Choose your direction, and assure yourself of plenty of room to work in, away from trees or stones or other objects that might prove a source of danger in case of collision. Then mount and go. Keep these two ideas well in mind. If you are uncomfortable, stop and get off; don’t try to adjust anything while in motion. When you get on, go. You cannot get on and keep still. Do not get on unless you are ready to go; keep going when you are on; and the mounting difficulty vanishes.

Steer steadily, and be quick without haste. A hurried change of direction can only be made without danger of a spill by an expert, and then only in an emergency or for track-work. Bicycling requires precision, and haste or hurry is out of place, while quick and alert movement is required.

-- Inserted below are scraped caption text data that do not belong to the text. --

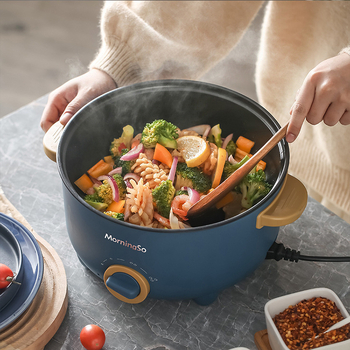Električno kuhalo – Višenamjensko, s grillom i shabu-shabu kombinacijom, zapremina 2,1–4 L, unutarnja posuda od nehrđajućeg čelika, upravljanje gumbom, model YH-28CM, namijenjeno za dom, dom studentima i ured
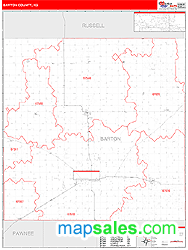 Barton County, KS Zip Code Wall Map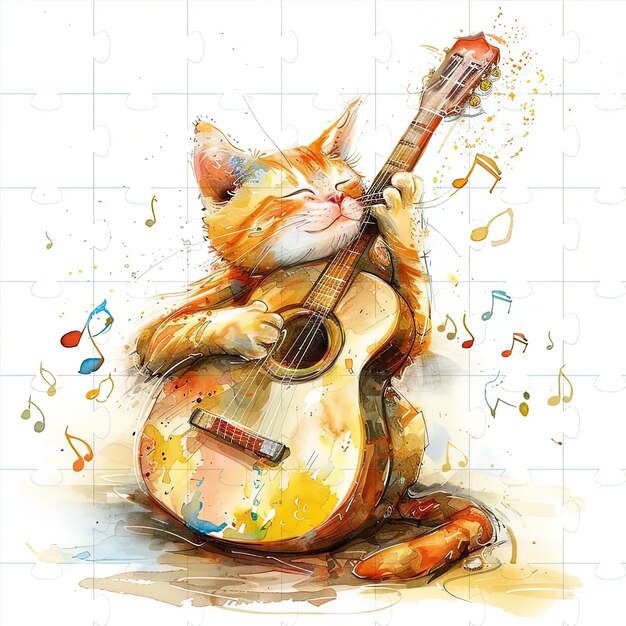 Una pintura de un gato tocando la guitarra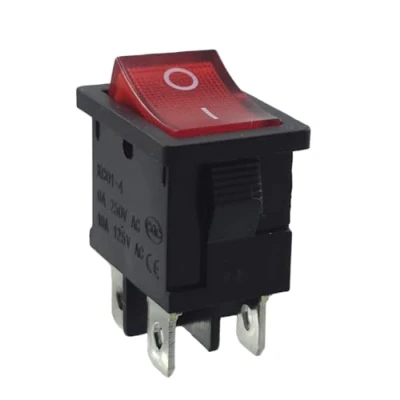 Abbildung von Einbau Wippschalter Rot 19x13mm, Geräteschalter Rahmenmaße 21 x 15 mm, 6 A, 250 V 4Pins, beleuchtet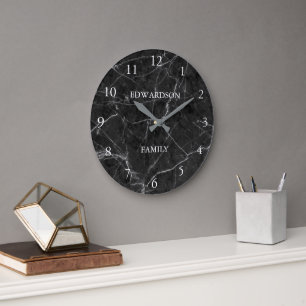 Modern black gray marble pattern family name large clock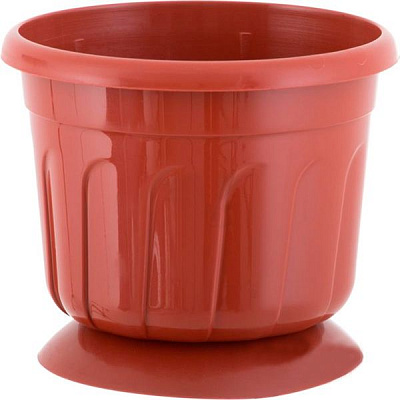 Горшок пластиковый Алеана Рина круглый 1,6л терракот (112055) 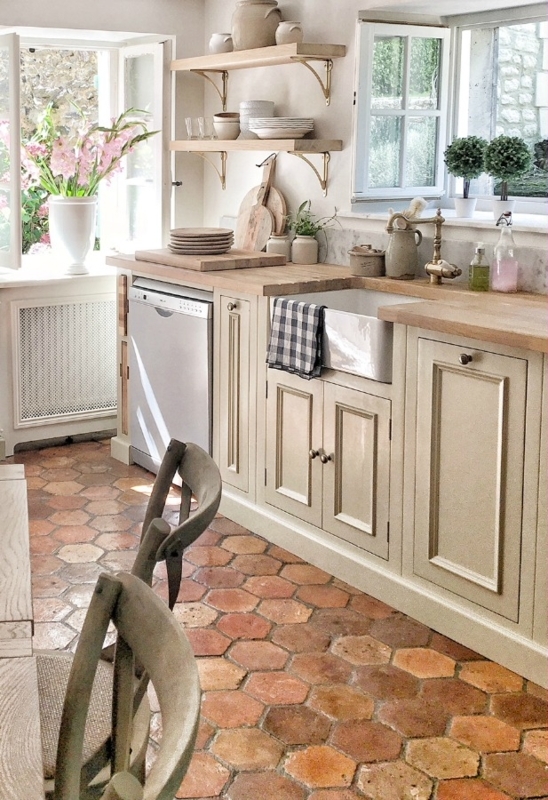 Kitchen Terracotta Hex Floor Cream Shaker Cabinetry Wood Counters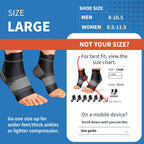 6 Pairs Plantar Fasciitis Socks for Men & Women, Ankle Brace Compression Socks with Arch Support for Achilles Tendonitis, Heel Pain, Swelling & Arthritis Relief, Black, Large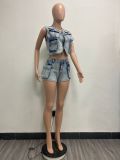 Women Multi-Pocket Vest and Casual Shorts Stretch Two-piece Set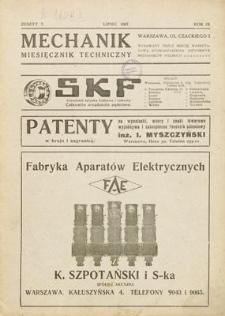 Mechanik : miesięcznik techniczny, Rok IX, Lipiec 1927, Zeszyt 7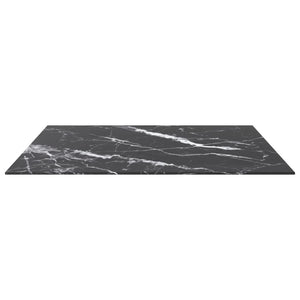 Schwarze Tischplatte 80x80 cm Marmoroptik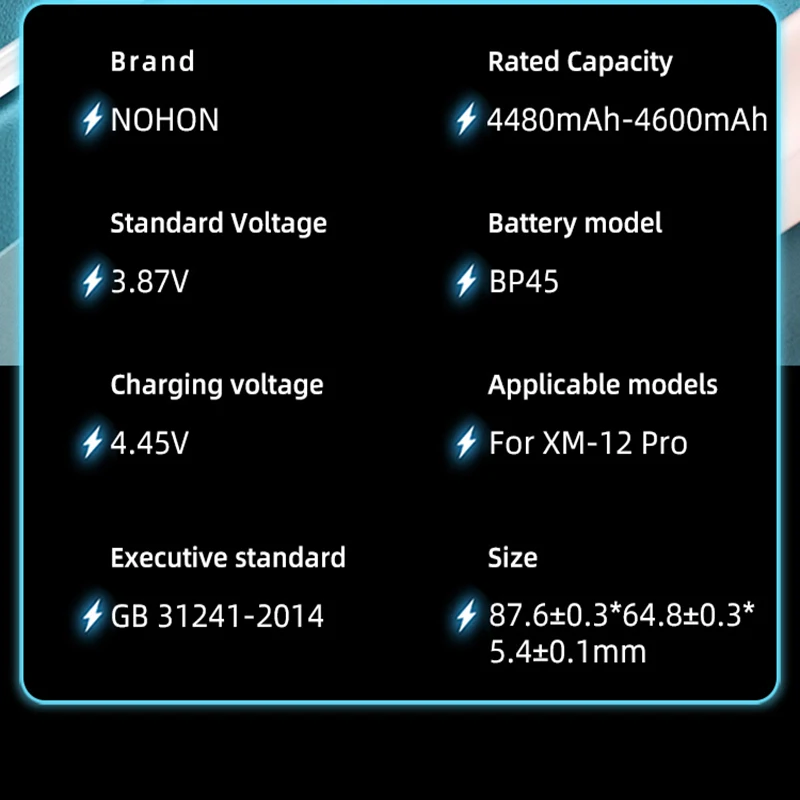 NOHON Phone Battery For Xiaomi BP40 BP41 BP42 BP45 BP46 Mi 9T 11 12 12S 12X Redmi K20 Pro 12Pro New Original Replacement Bateria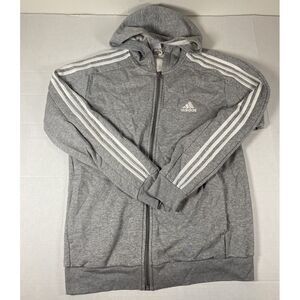 adidas Gray Full-Zip Hooded Sweatshirt with White Stripes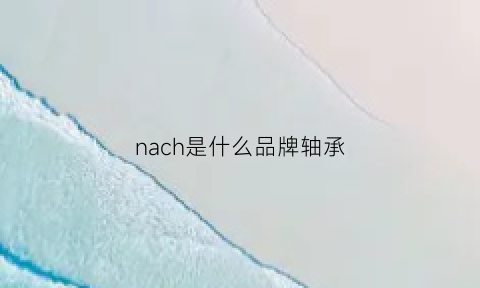 nach是什么品牌轴承(nachi轴承怎么样)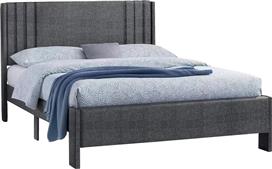 HomeMarkt Credence Κρεβάτι Υπέρδιπλο Επενδυμένο με Ύφασμα Γκρι με Τάβλες για Στρώμα 160x200cm HM685.01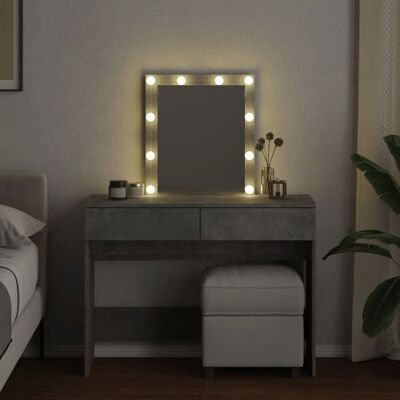 VIDAXL Meilleures Table de Maquillage/Chambre Coiffeuse avec LED - gris béton - 100x40x130 cm - HZ458535 Gris - Publicité VIDAXL Meilleures Table de Maquillage/Chambre Coiffeuse avec LED - gris béton - 100x40x130 cm - HZ458535 Gris - Publicité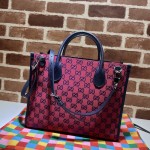 Gucci GG Multicolour small tote bag red 659983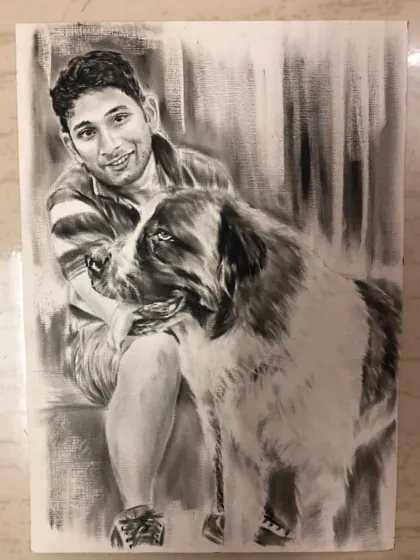 A gallery of my portraits created using the dry brush technique with black oil paint. This method allows for incredible realism and texture, perfect for capturing every detail from hair to clothing.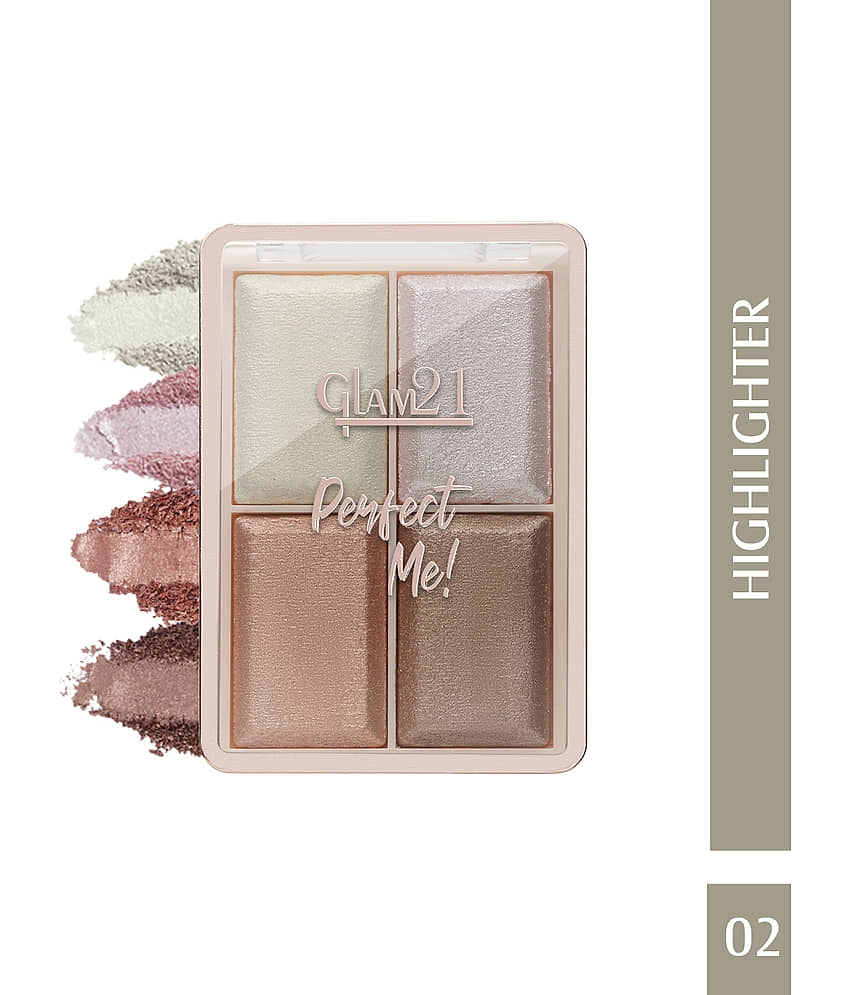 Glam21 Perfect Me! Highlighter Palette Blusher Weightless Longlasting Glow Face Kit 6g Shade-04 view 2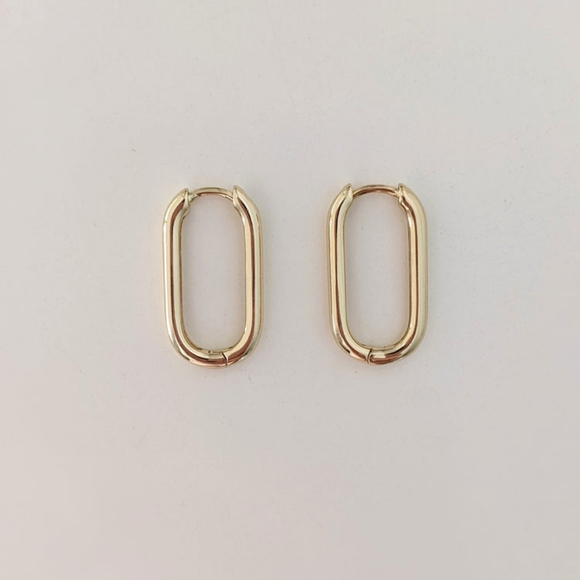 Gold Filled Rectangle Hoops - Picture 2 of 2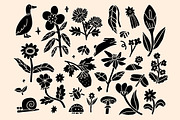 Linocut Meadow Clipart Bundle, an Illustration by ClayStudio (Thumbnail 2 of 8)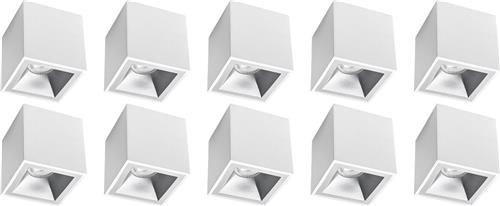 Opbouwspot 10 Pack - Proma Cliron Pro - GU10 Fitting - Opbouw Vierkant - Mat Wit/Zilver - Aluminium - Verdiept - Ø90mm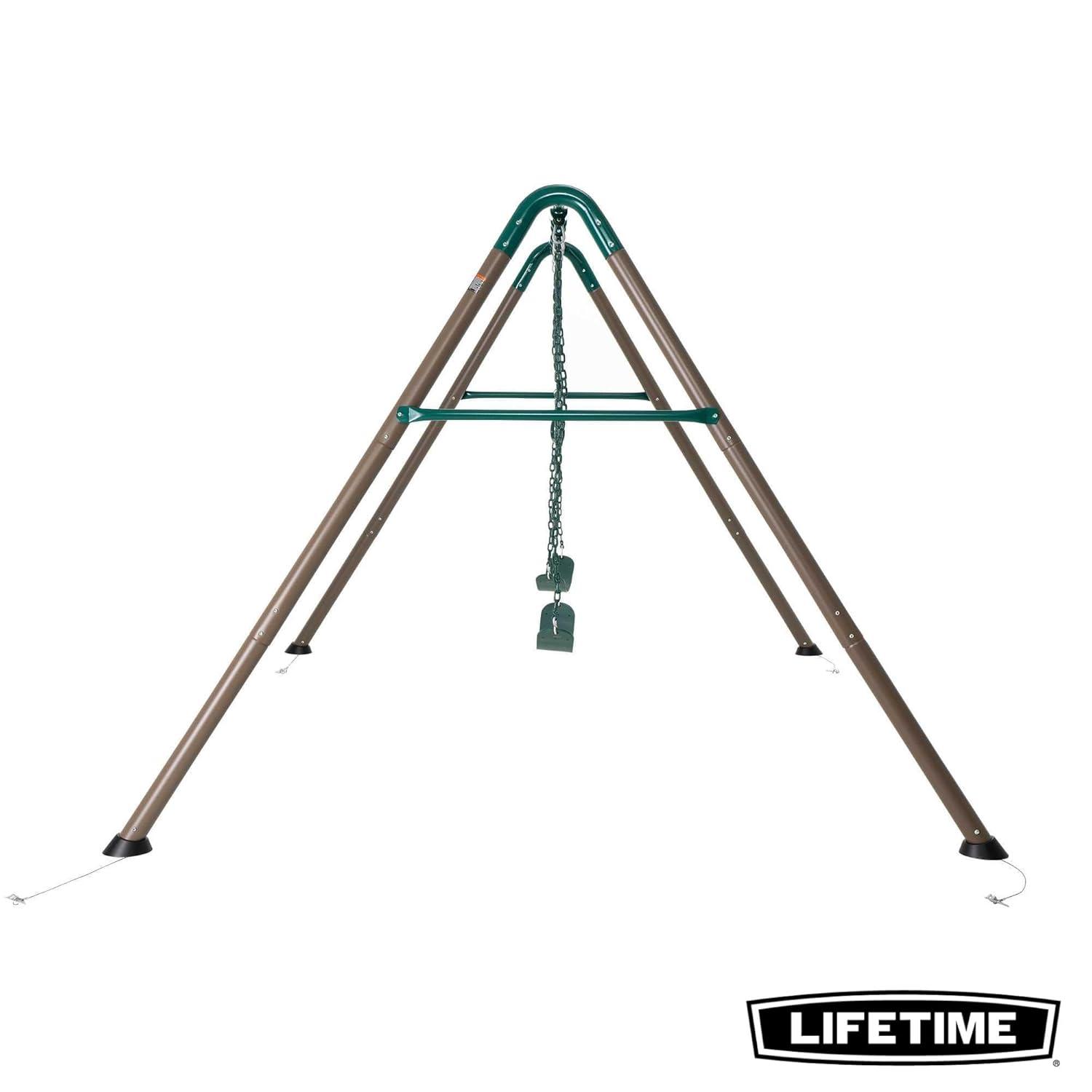 Lifetime Kids 7.3 ft. High Metal Swing Set with Belt Swings (90952)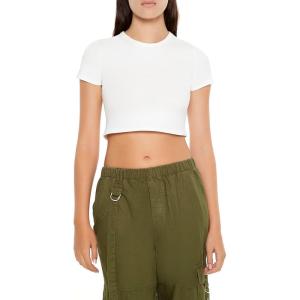 Forever 21 Women’s Cropped Crew Tee(White)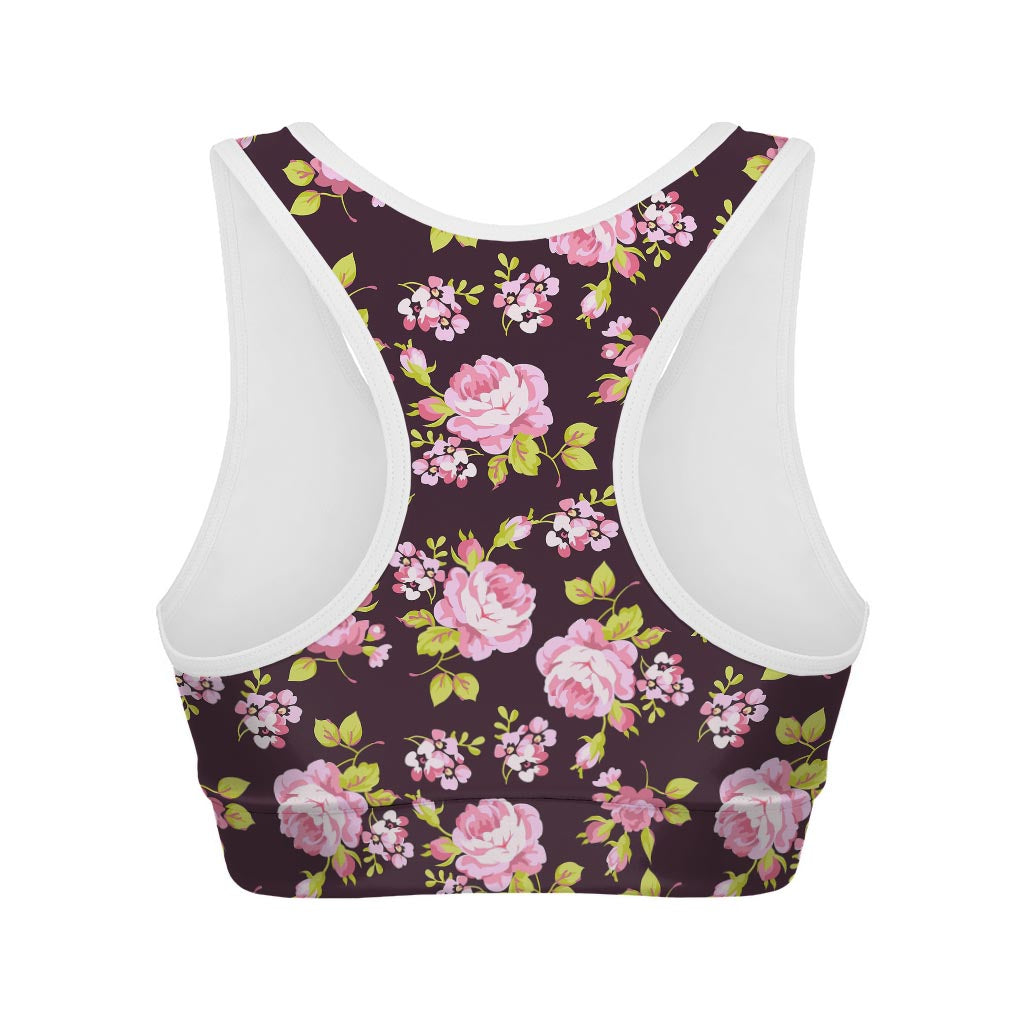 Vintage Pink Rose Floral Pattern Print Women's Sports Bra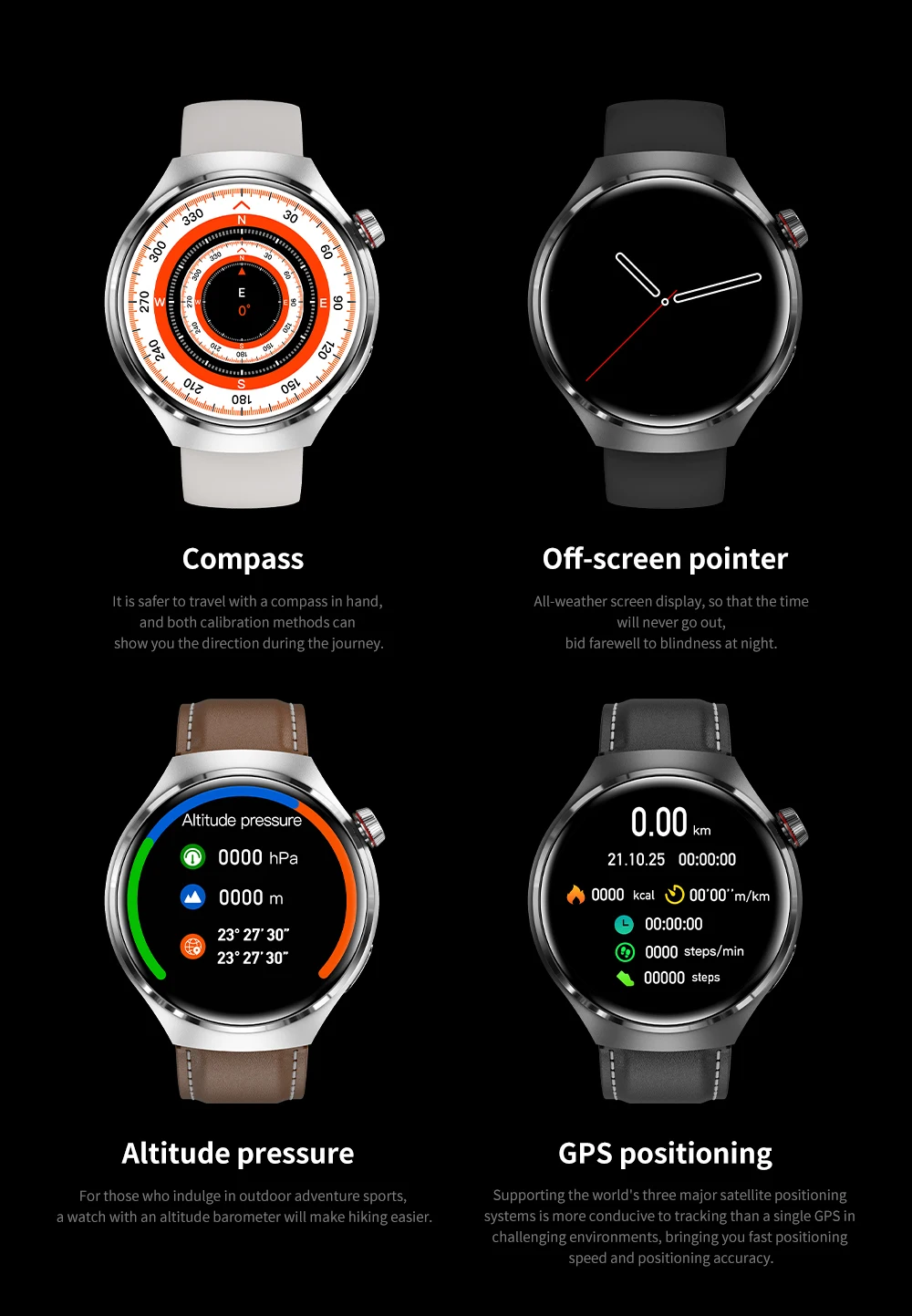 GT4 Pro Health Smart Watch Men 360*360 AMOLED Screen NFC GPS Tracker Compass BT call Blood oxygen IP68 Sport Smartwatch 2025New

Take the bicycle out and do as much as you can with it. Part of the fun is conquering difficulties, and each difficulty overcome is an achievement.

Another difficulty experienced is striking the saddle in mounting. This is usually due to springing from the ground to the saddle, or attempting to do so, instead of stepping on the mounting pedal, and supporting and holding the weight on the handle-bars. Of course, if the weight is not supported on the machine, and the machine is started, it cannot carry the weight forward. The saddle will strike, and push you over. Mount by means of the handle-bars; let them take you; shift the weight up by them on to the pedal. Then lower the weight to the saddle, step clear of the ground, and lean a little over the bars if necessary to clear the saddle.

In mounting a bicycle, you mount up on the pedal, and settle from that down to the saddle. If the pedal strikes the other foot, it is because the foot is not held up. Do not be in dread of that other foot; hold it well up out of the way, using the mounting foot to make the machine go.

MOUNTING—PREPARATORY POSITION.

Too great inclination of the machine will spoil the mount, and insufficient inclination will have the same effect. The front wheel must be held in line with the frame, and any wrong tendency corrected by the handle-bars after the weight is raised on the pedal, and the machine is upright.

Many good tires are ruined by ineffectual efforts to mount. The machine is pulled against the tire, and it is hard to understand why the tires are not torn off or ripped to pieces. The light wheels are not made to stand such usage; and it is a mistake to subject a new wheel to it. The rubber is pulled sideways (a proper way to pull a tire off), and the novice is fortunate if the bicycle is not all pulled out of true by being strained in directions not calculated to resist wear and strain. A twenty-pound wheel may be pulled out of true and so bent and untwisted by ineffectual mounting efforts that it cannot be restored without labor that amounts to practically rebuilding the bicycle.

In turning a bicycle, always lean in the direction the machine is inclined. Lean in the direction you want to go, and very little correction will be needed from the handle-bars. In turning, lean with the wheel, and meet it with the handle-bars. Meeting the machine is done continually, and is done by swinging the front wheel to meet the inclination of the bicycle on whichever side it has a tendency to fall. Bringing up is done by pulling the wheel around a little further quickly, and very quickly back again. The frame is lifted by the front wheel. This is explained in the principles of bicycle construction. When an obstacle, as a car track or rut in the road, is met, the obstacle must be crossed squarely; or if obliged to make a different angle, the angle should be met with the front wheel at the instant of contact, and a proper balance maintained with the pedals.